## Goal of the exercise
Apart from the images, output the data below exactly.

## Provided entries
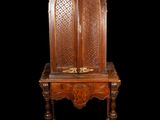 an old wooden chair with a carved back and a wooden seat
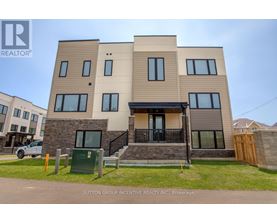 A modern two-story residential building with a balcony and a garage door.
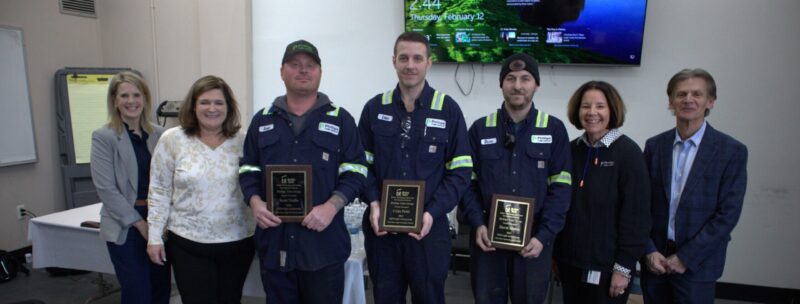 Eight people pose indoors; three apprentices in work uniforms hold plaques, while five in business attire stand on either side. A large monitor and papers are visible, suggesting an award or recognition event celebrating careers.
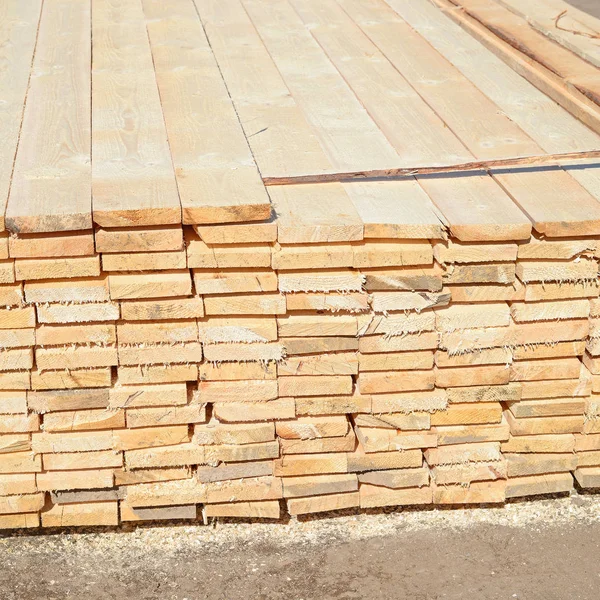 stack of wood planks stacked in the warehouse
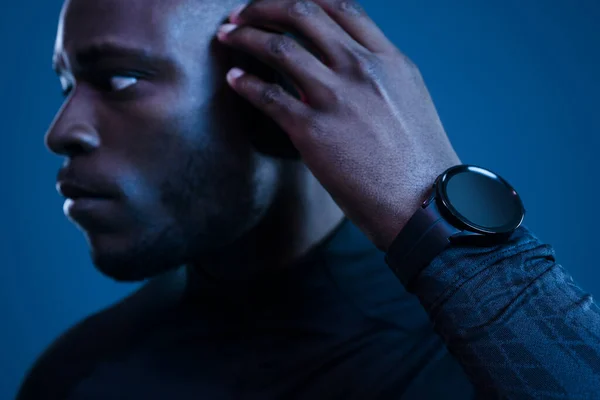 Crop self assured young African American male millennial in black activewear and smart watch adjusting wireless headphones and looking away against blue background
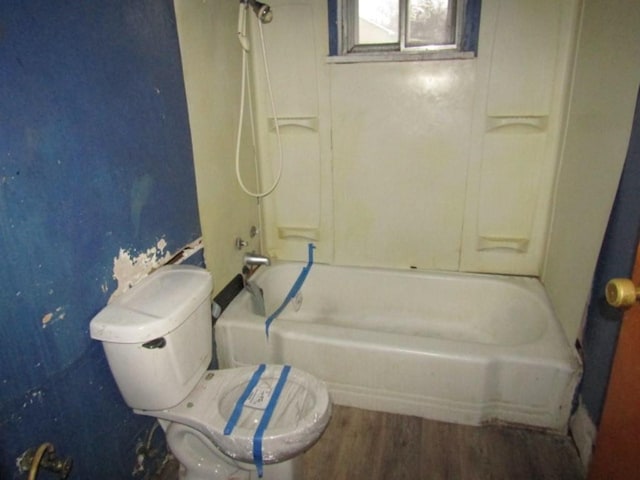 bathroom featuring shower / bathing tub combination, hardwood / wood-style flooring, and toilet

## Response area
 an old wooden chair with a carved back and a wooden seat
 A modern two-story residential building with a balcony and a garage door.
 Eight people pose indoors; three apprentices in work uniforms hold plaques, while five in business attire stand on either side. A large monitor and papers are visible, suggesting an award or recognition event celebrating careers.
 stack of wood planks stacked in the warehouse
 Crop self assured young African American male millennial in black activewear and smart watch adjusting wireless headphones and looking away against blue background
 bathroom featuring shower / bathing tub combination, hardwood / wood-style flooring, and toilet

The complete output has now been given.